====== ENTRIES PROVIDED ======

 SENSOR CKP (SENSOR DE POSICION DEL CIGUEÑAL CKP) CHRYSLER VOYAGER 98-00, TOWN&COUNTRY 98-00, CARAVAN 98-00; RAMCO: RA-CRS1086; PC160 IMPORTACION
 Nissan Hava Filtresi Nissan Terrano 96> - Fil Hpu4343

======
====== ENTRIES PROVIDED ======

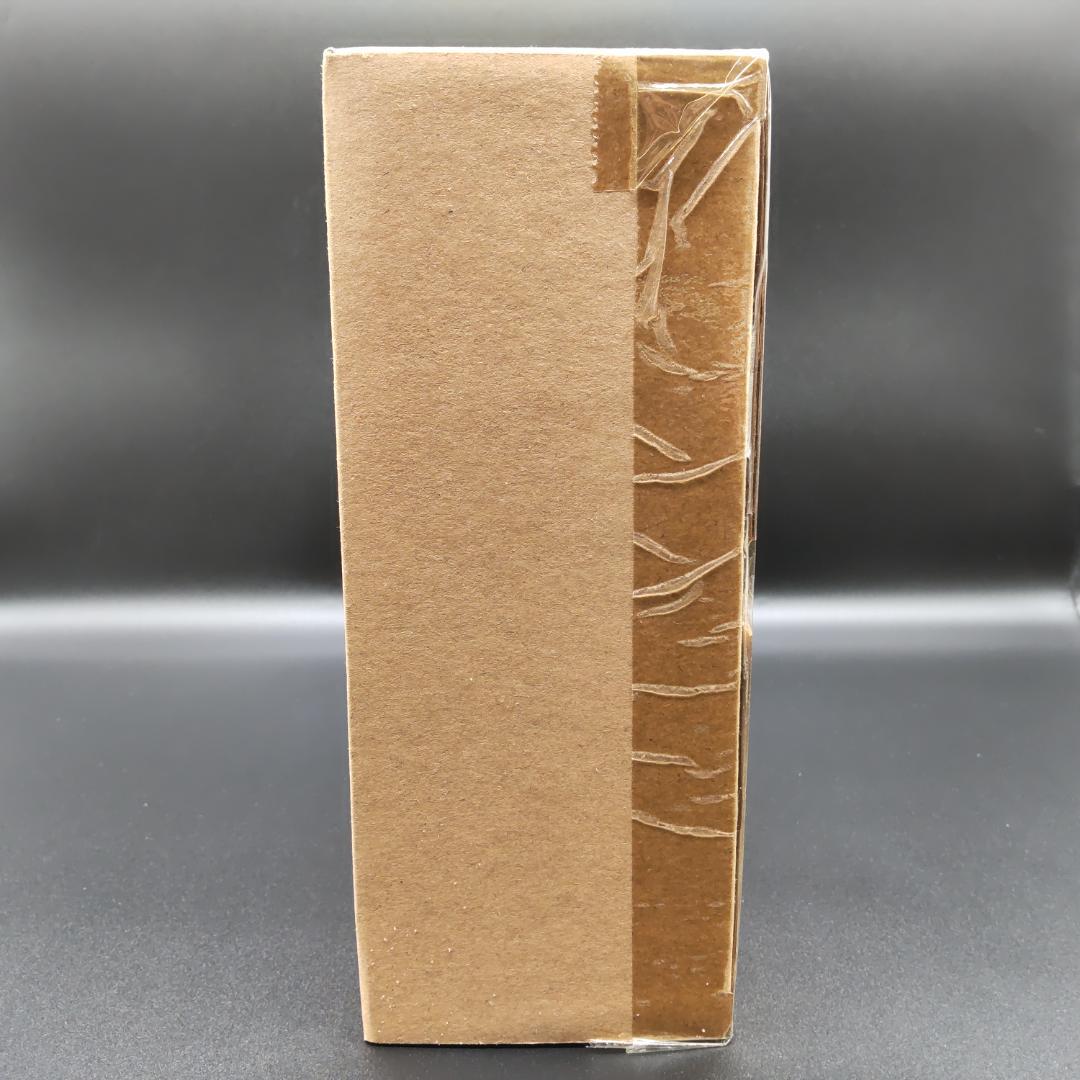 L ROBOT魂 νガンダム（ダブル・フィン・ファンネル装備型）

======
====== ENTRIES PROVIDED ======

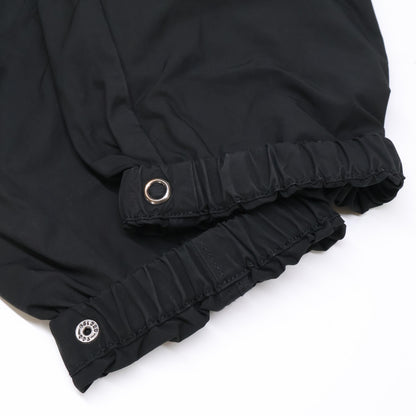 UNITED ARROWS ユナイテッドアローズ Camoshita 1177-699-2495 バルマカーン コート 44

======

-- EXERCISE --
Take from the material above the lines running from the one with "SENSOR CKP (SENSOR" through the one with "Nissan Hava Filtresi", and repeat them exactly, with nothing else.

-- RESPONSE TO THIS TASK --
 SENSOR CKP (SENSOR DE POSICION DEL CIGUEÑAL CKP) CHRYSLER VOYAGER 98-00, TOWN&COUNTRY 98-00, CARAVAN 98-00; RAMCO: RA-CRS1086; PC160 IMPORTACION
 Nissan Hava Filtresi Nissan Terrano 96> - Fil Hpu4343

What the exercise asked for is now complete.